Hormonhaushalt. Irgendwie schon ein etwas suspekter Begriff, findet ihr nicht auch? Was machen die Hormone in so einem Haushalt? Abspülen, wischen, schon mal das Essen kochen, bevor mal wieder eine Aktivität für den Körper gefragt ist? Kommt nach dem Bungeesprung des Körperinhabers das Adrenalin in den Hormonhaushalt zurück (quasi eine gemischte WG) und braucht erstmal ne Stärkung, um für den nächsten Stunt gewappnet zu sein? Na, da trifft es sich ja gut, dass das Insulin in seiner Pause schon einige Leckereien zubereitet hat, bevor es rasch aus der Tür verschwand, um für die nötige Beruhigung zu sorgen. Währenddessen schnappt sich das Morphin schnell noch seine Jacke, um dem Körper in einer Eilaktion die nun aufkommenden Schmerzen zu lindern 🙂

Krass, was es so alles gibt. Leider fehlt mir in Bezug auf Medizin jegliche Fachkenntnis, aber vielleicht gibt mir ja mal jemand den Auftrag, ein Buch zur spielerischen Vermittlung medizinischer Prozesse zu schreiben – das wäre DIE Herausforderung, sich in das Thema ordentlich hineinzufuchsen. Hätte ich bestimmt Spaß dran. Allgemein hat mich mein Buddy mit dem Thema heute lange gestresst, weil es für einen ausgewiesenen Medizinfachmann scheinbar schwer zu glauben ist, dass jemand so wenig Wissen über ebendieses Thema besitzt. Nun ja, vielleicht sollte ich tatsächlich mal daran arbeiten, aber bisher kriege ich das einfach nicht richtig in meinen Kopf. Mal schauen.

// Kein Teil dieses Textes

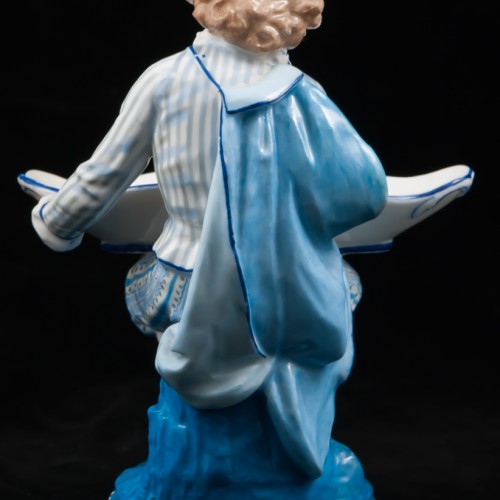 Юноша с вазой, Франция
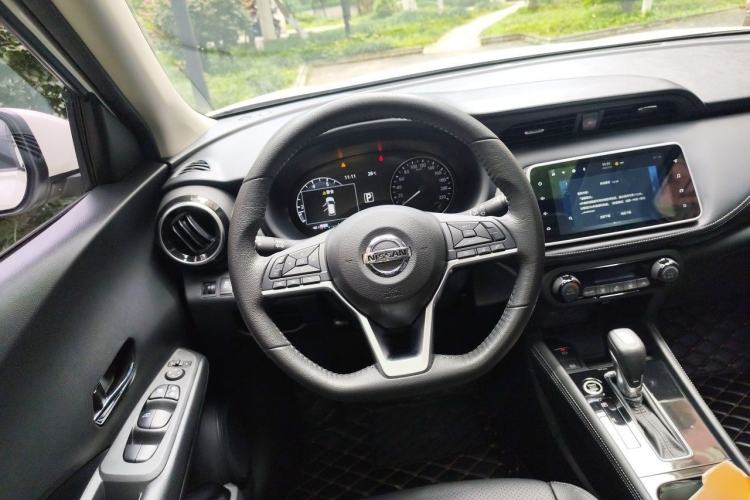 Used Nissan Kicks 2022 1.5L CVT XV Luxury Edition Steering Wheel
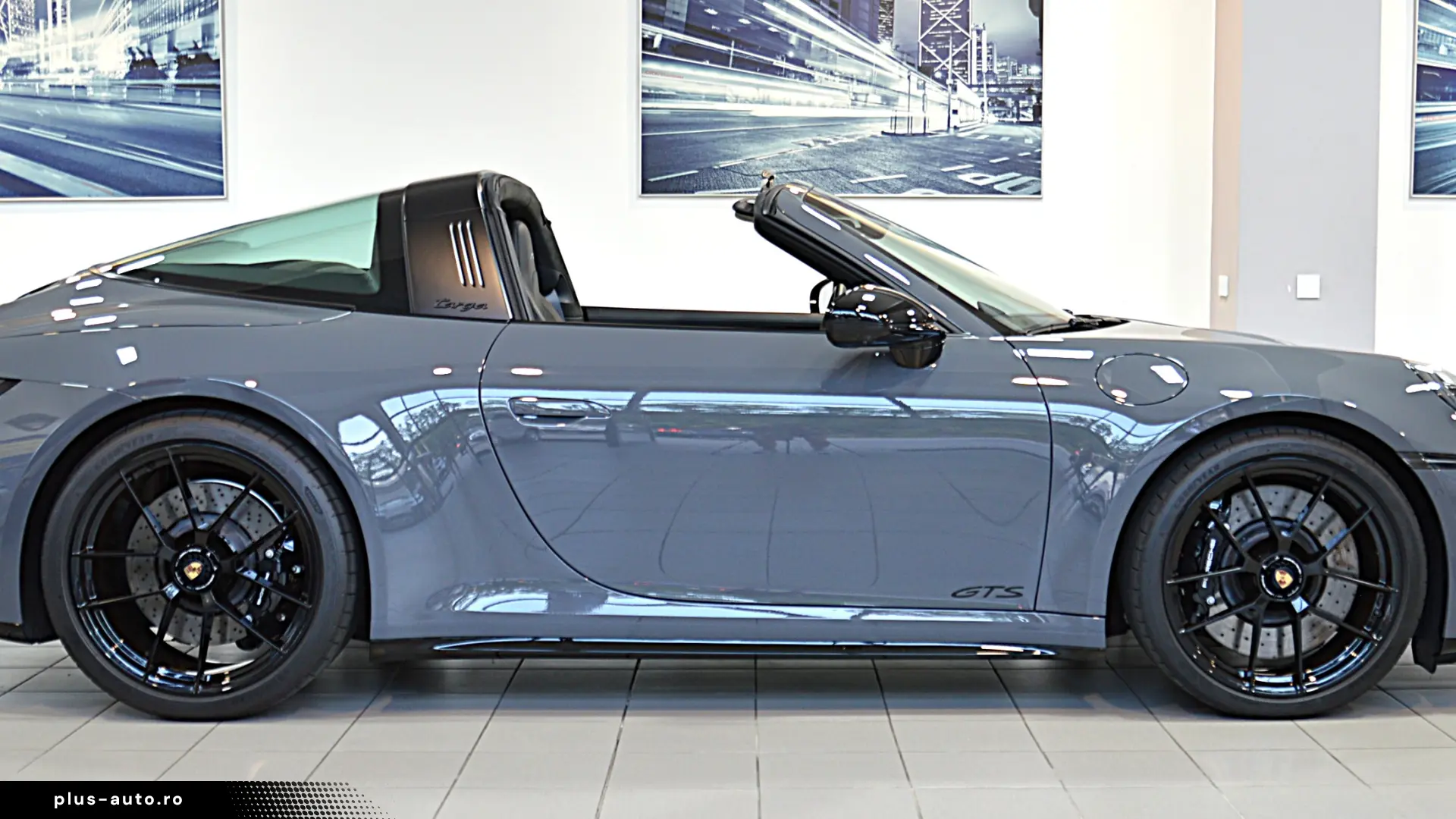 PORSCHE 911 TARGA 4 GTS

Heute setzte sich die Zähigkeit des Vortages erstmal fort, es wurde nicht richtig hell und die Zeit kroch voran. Kurz vor dem Mittagsbreak habe ich mir das aktuelle Windows Phone von HTC im Rahmen einer Roadshow ansehen können und muss eingestehen, dass mich der erste Eindruck überraschenderweise begeistert hat. Es liegt federleicht und sicher in der Hand, lässt sich hervorragend bedienen und bietet auf den ersten Blick alle Funktionalitäten, die ich von einem Smartphone erwarte. Sogar die Kamera ist gut. Insbesondere die Verbindung der Kontakte mit den Aktivitäten der Facebook-Freunde finde ich toll. Leider hat es auch Schwächen, so gibt es kein Multitasking oder Drag&Drop und zur Musiksynchronisation benötigt man das hauseigene Zune – quasi iTunes für Windows. Prinzipiell ist das kein Problem, nur, wenn man, wie ich daheim, komplett auf Apple eingerichtet ist und mindestens ein Bewohner noch ein iPhone besitzt (wie bei uns der Fall), müsste die gesamte Musikbibliothek gespiegelt auf dem Rechner vorliegen, was doppelten Aufwand, doppelten Speicherbedarf und doppelte Synchronisation bedarf – dies wird der Hauptgrund sein, warum ich das Gerät voraussichtlich nicht bestelle. Schade, würde es sich mit iTunes synchronisieren lassen, würde ich wohl zuschlagen. Dementsprechend eine halbe Empfehlung von mir …

Am Nachmittag holte ich mit meinem Buddy einen Anhänger in Sankt Augustin ab, mit welchem wir uns dann Richtung Eschweiler aufmachten und für ihn einige Möbel von Verwandten abholten. Dort blieben wir noch zu sehr leckerem Kuchen und einem Drink, bevor es gegen 19.30 Uhr zurück Richtung Bonn ging. Bei ihm luden wir die Möbel aus, brachten anschließend den Anhänger zurück und machten uns jeweils auf den Heimweg. Bis ich dort ankam, war es bereits nahe 22 Uhr, weshalb auch nur noch der Blog online geht, ein wenig Abendessen und -Unterhaltung folgt und es dann ins Bettchen geht. Wohlverdient. Keep on rockin‘ !!